Cold Disaster recovery for applications in Google Cloud

Get Cooking in Cloud

Priyanka Vergadia
Google Cloud - Community
5 min readNov 16, 2019

--

Introduction

“Get Cooking in Cloud” is a blog and video series to help enterprises and developers build business solutions on Google Cloud. In this second miniseries I am covering Disaster Recovery on Google Cloud. Disasters can be pretty hard to deal with when you have an online presence. In the next few blogs, we will elaborate on how to deal with disasters like earthquakes, power outages, floods, fires etc. If you are interested in the prior mini series covered, checkout this.

Here is the plan for the series.

  1. Disaster Recovery Overview
  2. Cold Disaster recovery on Google Cloud for on-premise applications
  3. Warm Disaster recovery on Google Cloud for on-premise applications
  4. Hot Disaster recovery on Google Cloud for on-premise applications
  5. Cold Disaster recovery for applications in Google Cloud (This article)
  6. Warm Disaster recovery for applications in Google Cloud
  7. Hot Disaster recovery for applications in Google Cloud
  8. Disaster recovery on Google Cloud for Data: Part 1
  9. Disaster recovery on Google Cloud for Data: Part 2

In this article, you will learn to set up a Cold DR pattern for your applications that are deployed in Google Cloud. So, read on!

What you’ll learn

  • Cold DR pattern for Google Cloud applications, with an example.
  • Steps to be taken before a disaster hits.
  • Steps to be taken during a disaster.
  • How does default High Availability (HA) works.
  • Steps to be taken after a disaster.

Prerequisites

  • Basic concepts and constructs of Google Cloud so you can recognize the names of the products.
  • Read the overview article for DR related definitions.

Check out the video

Cold DR pattern for application deployed on Google Cloud

Let’s learn Cold DR pattern with an example

Mane-street-Art has migrated to Google Cloud but they still need a DR plan. They would like to set up cold DR pattern with one recoverable application server. Based on your architecture, just one recoverable server may or may not work, but consider this as an example.
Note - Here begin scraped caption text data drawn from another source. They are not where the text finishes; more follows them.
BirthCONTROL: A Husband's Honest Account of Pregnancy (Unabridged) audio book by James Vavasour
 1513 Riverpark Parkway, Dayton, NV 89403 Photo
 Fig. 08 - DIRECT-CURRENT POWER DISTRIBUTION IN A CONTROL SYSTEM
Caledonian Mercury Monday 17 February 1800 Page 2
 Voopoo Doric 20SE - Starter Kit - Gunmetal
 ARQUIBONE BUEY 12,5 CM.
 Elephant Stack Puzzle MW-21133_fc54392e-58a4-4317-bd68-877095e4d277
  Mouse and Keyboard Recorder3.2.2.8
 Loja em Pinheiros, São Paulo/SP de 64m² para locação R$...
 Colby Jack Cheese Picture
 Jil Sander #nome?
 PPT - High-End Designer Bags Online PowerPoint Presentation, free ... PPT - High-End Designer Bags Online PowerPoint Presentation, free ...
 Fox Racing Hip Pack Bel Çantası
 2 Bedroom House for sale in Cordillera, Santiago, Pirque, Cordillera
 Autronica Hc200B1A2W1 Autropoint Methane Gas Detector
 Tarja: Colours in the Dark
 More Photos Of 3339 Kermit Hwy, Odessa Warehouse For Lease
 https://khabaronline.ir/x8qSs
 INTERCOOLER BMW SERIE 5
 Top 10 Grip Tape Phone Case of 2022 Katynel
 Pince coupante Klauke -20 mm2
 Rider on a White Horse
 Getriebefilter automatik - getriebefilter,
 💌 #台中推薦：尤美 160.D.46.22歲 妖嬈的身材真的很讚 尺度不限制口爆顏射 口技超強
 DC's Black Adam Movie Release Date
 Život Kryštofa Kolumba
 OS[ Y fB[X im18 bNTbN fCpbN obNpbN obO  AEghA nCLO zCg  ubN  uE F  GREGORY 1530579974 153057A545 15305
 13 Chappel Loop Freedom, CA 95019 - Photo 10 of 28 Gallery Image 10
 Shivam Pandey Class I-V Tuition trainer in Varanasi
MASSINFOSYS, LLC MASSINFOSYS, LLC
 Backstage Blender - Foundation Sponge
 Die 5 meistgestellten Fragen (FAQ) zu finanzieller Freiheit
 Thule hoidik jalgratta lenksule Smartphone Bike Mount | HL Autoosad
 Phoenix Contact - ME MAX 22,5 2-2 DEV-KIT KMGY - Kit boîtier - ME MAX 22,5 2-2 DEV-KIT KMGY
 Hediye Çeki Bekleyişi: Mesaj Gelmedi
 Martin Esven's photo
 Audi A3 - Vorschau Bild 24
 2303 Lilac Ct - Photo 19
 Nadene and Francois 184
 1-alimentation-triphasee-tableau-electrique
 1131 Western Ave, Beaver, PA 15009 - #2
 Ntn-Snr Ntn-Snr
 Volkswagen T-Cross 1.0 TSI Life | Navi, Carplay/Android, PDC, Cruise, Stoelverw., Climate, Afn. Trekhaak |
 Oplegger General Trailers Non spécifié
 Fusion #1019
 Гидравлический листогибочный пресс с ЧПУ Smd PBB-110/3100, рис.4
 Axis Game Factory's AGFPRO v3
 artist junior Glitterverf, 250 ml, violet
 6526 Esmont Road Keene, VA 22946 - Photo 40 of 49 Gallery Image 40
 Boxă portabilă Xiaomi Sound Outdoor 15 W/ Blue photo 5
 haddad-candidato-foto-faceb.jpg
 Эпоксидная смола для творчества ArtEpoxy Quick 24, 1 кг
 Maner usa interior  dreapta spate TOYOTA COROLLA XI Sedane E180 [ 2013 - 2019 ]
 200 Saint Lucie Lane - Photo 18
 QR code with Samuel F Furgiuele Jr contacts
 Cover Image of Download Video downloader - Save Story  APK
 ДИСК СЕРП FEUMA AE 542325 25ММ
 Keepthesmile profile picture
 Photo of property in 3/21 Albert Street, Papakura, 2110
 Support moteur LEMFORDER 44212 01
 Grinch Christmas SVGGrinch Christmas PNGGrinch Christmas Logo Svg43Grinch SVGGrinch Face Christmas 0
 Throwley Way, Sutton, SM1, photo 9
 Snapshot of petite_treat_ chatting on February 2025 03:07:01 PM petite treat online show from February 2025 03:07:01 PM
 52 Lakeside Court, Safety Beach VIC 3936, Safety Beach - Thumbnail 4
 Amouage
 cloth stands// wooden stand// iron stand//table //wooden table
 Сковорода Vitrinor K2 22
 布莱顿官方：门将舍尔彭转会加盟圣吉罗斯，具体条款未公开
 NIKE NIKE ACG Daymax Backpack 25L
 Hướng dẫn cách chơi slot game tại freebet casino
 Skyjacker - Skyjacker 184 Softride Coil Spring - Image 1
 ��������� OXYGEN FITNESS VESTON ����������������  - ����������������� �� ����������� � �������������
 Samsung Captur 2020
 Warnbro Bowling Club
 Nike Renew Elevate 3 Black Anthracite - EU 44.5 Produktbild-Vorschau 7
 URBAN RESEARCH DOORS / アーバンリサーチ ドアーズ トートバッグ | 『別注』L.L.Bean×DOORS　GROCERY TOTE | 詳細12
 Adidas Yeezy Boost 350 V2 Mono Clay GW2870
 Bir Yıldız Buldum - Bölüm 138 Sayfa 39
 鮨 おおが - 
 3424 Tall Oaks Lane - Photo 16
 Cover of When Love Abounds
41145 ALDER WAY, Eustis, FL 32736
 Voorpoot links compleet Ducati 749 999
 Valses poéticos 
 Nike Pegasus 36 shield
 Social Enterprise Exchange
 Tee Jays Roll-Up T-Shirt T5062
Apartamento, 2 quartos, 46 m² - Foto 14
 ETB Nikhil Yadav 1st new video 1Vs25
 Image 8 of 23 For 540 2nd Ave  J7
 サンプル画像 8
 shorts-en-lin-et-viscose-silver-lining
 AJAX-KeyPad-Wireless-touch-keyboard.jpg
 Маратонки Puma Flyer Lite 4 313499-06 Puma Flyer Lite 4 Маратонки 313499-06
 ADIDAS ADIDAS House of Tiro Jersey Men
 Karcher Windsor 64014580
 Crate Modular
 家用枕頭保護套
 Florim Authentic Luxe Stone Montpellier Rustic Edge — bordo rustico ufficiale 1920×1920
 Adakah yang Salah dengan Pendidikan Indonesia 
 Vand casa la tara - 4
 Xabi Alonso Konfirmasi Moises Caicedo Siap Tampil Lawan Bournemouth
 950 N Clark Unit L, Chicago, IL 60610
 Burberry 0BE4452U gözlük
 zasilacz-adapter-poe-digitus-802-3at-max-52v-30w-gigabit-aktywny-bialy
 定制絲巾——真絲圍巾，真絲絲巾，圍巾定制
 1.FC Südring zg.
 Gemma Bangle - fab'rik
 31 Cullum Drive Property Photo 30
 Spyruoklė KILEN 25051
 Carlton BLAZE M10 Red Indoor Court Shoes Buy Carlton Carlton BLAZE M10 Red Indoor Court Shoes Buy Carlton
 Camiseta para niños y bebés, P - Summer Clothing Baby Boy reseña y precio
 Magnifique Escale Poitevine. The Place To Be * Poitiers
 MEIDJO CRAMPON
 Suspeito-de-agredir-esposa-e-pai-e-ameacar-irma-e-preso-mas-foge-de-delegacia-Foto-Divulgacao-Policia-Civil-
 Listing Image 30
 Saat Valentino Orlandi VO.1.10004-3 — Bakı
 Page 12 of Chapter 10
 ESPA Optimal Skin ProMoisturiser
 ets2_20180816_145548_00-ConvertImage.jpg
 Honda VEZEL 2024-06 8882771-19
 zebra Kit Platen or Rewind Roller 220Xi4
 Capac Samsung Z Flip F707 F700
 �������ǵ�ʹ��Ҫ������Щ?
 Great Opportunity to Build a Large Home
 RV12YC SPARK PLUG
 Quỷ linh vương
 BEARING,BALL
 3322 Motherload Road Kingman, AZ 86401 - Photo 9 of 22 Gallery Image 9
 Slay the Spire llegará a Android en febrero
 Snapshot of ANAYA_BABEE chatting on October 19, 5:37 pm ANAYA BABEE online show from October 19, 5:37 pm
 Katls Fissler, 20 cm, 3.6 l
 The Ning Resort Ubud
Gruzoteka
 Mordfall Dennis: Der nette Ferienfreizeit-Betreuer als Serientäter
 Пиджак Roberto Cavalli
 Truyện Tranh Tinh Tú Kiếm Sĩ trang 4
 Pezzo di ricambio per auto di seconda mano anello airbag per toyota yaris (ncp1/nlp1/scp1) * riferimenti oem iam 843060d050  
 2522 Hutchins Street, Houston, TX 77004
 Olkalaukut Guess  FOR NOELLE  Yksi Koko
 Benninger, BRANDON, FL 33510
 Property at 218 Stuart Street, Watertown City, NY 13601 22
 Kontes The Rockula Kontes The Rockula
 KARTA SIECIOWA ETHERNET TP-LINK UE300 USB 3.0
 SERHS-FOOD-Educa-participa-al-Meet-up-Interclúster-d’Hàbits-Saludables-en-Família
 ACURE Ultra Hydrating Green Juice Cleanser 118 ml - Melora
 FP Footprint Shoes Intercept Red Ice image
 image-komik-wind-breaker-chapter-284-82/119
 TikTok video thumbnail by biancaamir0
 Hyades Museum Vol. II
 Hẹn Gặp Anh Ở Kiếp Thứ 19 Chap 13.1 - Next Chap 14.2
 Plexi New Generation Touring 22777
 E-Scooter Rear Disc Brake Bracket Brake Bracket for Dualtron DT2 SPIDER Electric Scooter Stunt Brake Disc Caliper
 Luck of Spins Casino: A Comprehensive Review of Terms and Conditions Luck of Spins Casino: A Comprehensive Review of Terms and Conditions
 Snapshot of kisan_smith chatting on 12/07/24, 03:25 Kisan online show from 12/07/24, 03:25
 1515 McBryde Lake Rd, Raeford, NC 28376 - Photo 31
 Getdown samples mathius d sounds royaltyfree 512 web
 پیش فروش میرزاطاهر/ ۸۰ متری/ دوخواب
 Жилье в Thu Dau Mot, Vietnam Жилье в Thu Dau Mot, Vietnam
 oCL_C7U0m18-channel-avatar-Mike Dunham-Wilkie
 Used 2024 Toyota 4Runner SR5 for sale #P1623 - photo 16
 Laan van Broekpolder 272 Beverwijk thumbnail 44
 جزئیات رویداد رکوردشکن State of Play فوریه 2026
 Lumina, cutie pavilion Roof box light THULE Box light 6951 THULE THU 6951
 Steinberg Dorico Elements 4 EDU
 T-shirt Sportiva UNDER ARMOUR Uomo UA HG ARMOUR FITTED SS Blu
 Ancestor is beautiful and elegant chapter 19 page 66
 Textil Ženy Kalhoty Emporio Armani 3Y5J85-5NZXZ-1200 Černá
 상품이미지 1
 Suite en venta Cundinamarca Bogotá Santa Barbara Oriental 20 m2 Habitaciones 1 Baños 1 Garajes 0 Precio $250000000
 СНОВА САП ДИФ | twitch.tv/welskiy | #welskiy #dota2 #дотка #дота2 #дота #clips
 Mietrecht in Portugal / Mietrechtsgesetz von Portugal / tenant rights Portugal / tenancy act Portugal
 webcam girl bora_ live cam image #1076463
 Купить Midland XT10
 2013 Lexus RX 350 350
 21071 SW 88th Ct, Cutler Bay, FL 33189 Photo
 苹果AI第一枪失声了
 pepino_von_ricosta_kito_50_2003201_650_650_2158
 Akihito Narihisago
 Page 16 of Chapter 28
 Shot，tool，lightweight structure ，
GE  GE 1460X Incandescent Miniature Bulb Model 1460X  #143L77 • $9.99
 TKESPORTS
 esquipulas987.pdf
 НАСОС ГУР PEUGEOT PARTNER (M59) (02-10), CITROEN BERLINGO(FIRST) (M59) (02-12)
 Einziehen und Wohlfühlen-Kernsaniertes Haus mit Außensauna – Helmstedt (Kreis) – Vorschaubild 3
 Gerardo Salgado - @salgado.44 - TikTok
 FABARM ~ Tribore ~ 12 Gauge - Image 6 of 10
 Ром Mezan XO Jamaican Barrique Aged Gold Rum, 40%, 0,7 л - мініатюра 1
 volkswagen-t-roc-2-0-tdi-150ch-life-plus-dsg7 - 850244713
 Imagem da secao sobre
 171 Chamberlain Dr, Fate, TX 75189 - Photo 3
In any DR pattern you need to understand what steps need to be taken before a disaster hits, what happens when a disaster hits and what needs to happen after the disaster has passed.

Cold DR Pattern — How does it work?

Steps to be taken before disaster hits:

  • Create a VPC network
  • Create a custom image that’s configured with the application service. As part of the image.
  • Make sure a persistent disk is attached for data being processed.
  • Create a snapshot from the attached persistent disk.
  • Configure a startup script to create a persistent disk from the latest snapshot and to mount the disk.
  • Then Create an instance template from the image we just created
  • Using this instance template, configure a regional managed instance group with a target size of one.
  • Make sure the health checks are configured at the Managed Instance Groups (MIGs)
  • Configure internal load balancing using the regional managed instance group
  • Configure a scheduled task to create regular snapshots of the persistent disk.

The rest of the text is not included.